Imagine Rajesh & Co. Pvt. Ltd. gets a surprise order from a foreign buyer at a price lower than their usual selling price. Should they accept it? This is exactly what short-term decision making is about — and the golden rule is: ignore fixed costs, focus on contribution.
In short-term decisions, fixed costs are already committed — rent, salaries, depreciation — they don't change whether you accept that order or not. What does change is the contribution each unit brings in. Contribution = Selling Price − Variable Cost. As long as a decision gives you positive contribution, it adds to profit (or reduces loss). This is the core logic of marginal costing applied to decisions.
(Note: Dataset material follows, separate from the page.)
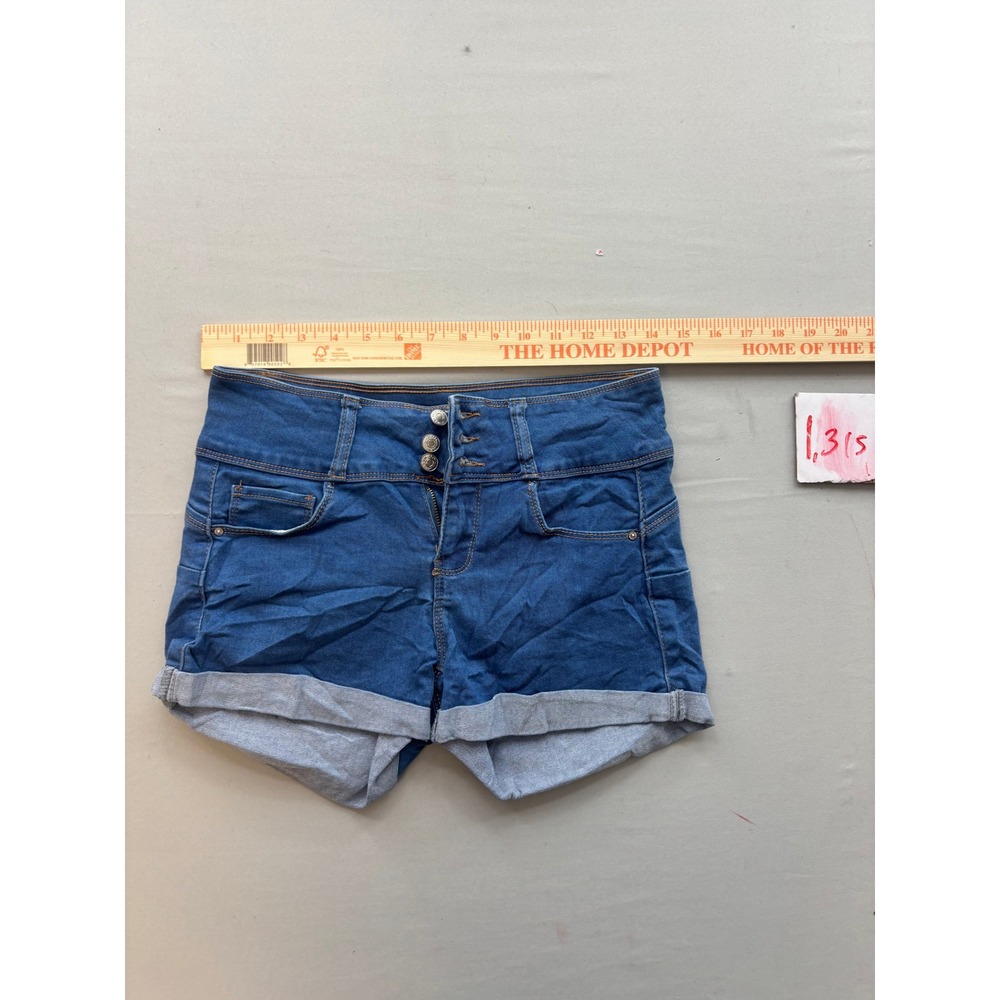 Forever 21 Womens High Waisted Cuffed Denim Shorts Medium Wash Blue Size Small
There are four classic short-term decisions the ICAI loves to test: (1) Accept or Reject a Special Order — accept if selling price > variable cost AND spare capacity exists. (2) Make or Buy — make if variable cost of making < purchase price (compare contributions, not total costs). (3) Product Mix with a Limiting Factor — when a resource like machine hours or raw material is scarce, rank products by contribution per unit of limiting factor (not just contribution per unit). (4) Shut Down or Continue — shut down only if the loss from continuing exceeds the avoidable fixed costs saved. These four scenarios cover 80% of exam questions in this chapter. This topic is asked every exam — typically as a 10-mark problem or a 5-mark decision scenario. The examiner always hides fixed costs to trick you into including them. Don't fall for it. Your mantra: short-term = contribution is king, fixed costs are passengers.